Planet Helpless, due to the ongoing problems with the record company, released only one single. "Walking Dead" gave the band its third Top 40 hit. The video included Mani and Bez (Happy Mondays).

===Don't Forget to Remember (2007)===
Puressence's fourth album, entitled Don't Forget To Remember, was recorded at Revolution studios in Manchester and produced by Andy Macpherson.

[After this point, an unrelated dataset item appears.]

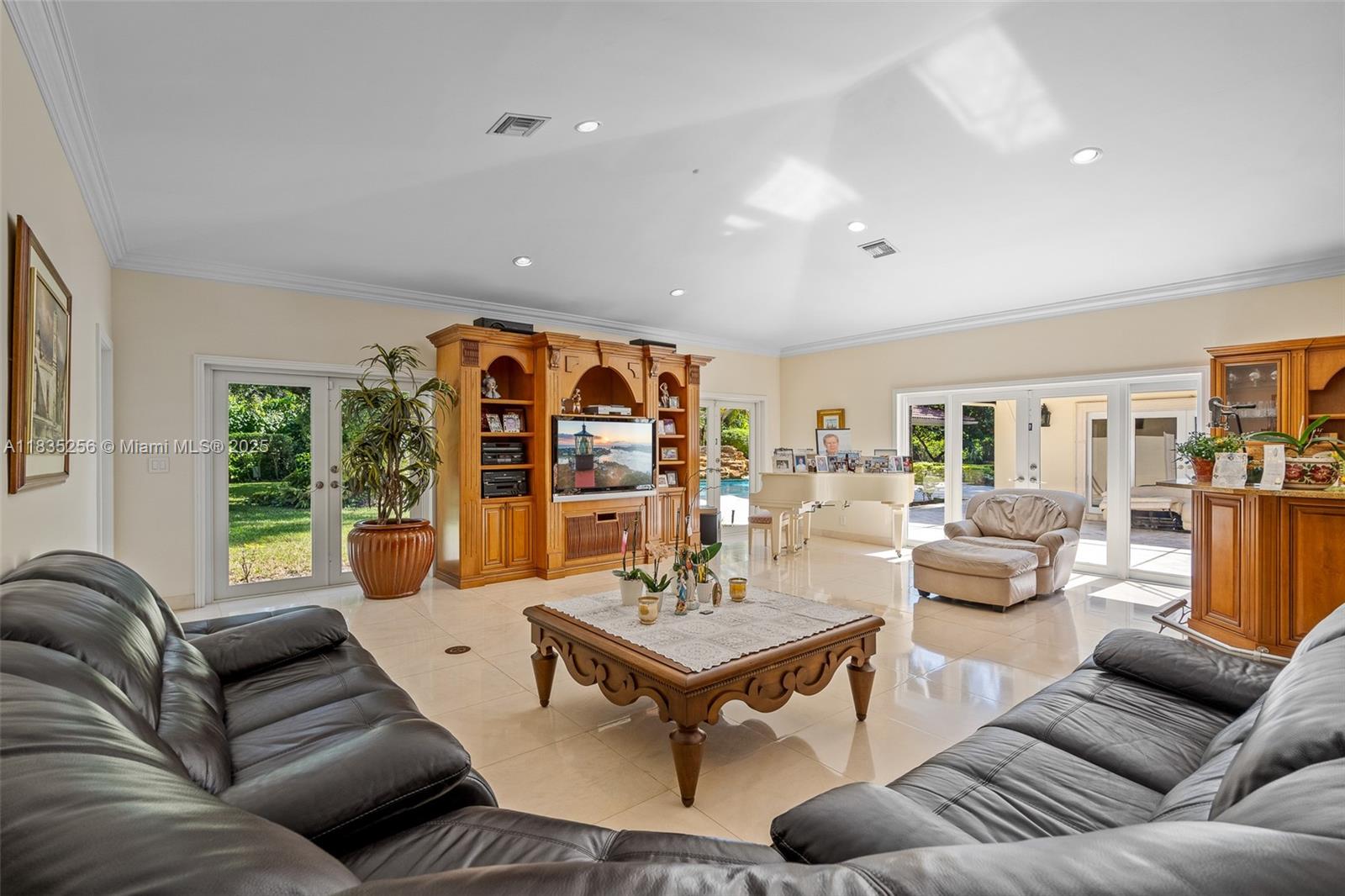 10735 SW 58th Ave Pinecrest, FL 33156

The album was released on 24 September 2007. Despite failing to chart, the album beat off more high-profile releases to be voted 'Best Album by a Manchester Artist' in the Pride of Manchester Awards 2008. The album was then chosen by US iTunes to launch their new homepage feature, 'Editors Choice' in February 2008. Within a week the album entered US iTunes' Top 40. Puressence played a Manchester Academy show to celebrate English Rugby and Soccer team wins on 13 October 2007.

The album was also a success in Greece; remaining in the Top 10 for several weeks.

Originally appearing as a soft release in 2007, it was announced that Don't Forget to Remember got a wide release on 16 June.

The album peaked in the UK Albums Chart at No. 176.

Released: 24 September 2007

Revolution studios

===Sharpen Up the Knives (2009)===
Released: in mid-October 2009

Sharpen Up the Knives was a fifteen track album collection consisting of singles, album tracks and a couple of new recordings.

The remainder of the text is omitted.